Among the entries below, one line contains "اللواء عبد المجيد صقر، محافظ السويس" and another contains "PETERSON ČERVENÁ VZOROVANÁ". Transcribe those two lines and every line between them, exactly.

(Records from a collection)
-- Opening Marker --

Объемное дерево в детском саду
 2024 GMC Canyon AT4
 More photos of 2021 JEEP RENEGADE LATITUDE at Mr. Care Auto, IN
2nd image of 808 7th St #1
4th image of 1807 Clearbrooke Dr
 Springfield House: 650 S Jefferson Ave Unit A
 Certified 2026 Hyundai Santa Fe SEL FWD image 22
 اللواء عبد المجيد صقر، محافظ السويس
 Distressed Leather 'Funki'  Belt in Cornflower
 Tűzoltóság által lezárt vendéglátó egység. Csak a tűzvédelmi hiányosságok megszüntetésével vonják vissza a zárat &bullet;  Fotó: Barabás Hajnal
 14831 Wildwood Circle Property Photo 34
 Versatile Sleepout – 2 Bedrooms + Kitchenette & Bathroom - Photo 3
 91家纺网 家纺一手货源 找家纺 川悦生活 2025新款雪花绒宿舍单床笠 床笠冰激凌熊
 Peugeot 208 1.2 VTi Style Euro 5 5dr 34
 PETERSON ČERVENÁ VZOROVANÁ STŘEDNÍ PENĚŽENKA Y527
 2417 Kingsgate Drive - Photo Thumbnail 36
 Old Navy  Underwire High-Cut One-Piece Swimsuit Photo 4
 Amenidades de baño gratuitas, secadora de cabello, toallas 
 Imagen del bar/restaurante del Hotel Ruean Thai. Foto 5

-- Closing Marker --

• _Reply_:
 اللواء عبد المجيد صقر، محافظ السويس
 Distressed Leather 'Funki'  Belt in Cornflower
 Tűzoltóság által lezárt vendéglátó egység. Csak a tűzvédelmi hiányosságok megszüntetésével vonják vissza a zárat &bullet;  Fotó: Barabás Hajnal
 14831 Wildwood Circle Property Photo 34
 Versatile Sleepout – 2 Bedrooms + Kitchenette & Bathroom - Photo 3
 91家纺网 家纺一手货源 找家纺 川悦生活 2025新款雪花绒宿舍单床笠 床笠冰激凌熊
 Peugeot 208 1.2 VTi Style Euro 5 5dr 34
 PETERSON ČERVENÁ VZOROVANÁ STŘEDNÍ PENĚŽENKA Y527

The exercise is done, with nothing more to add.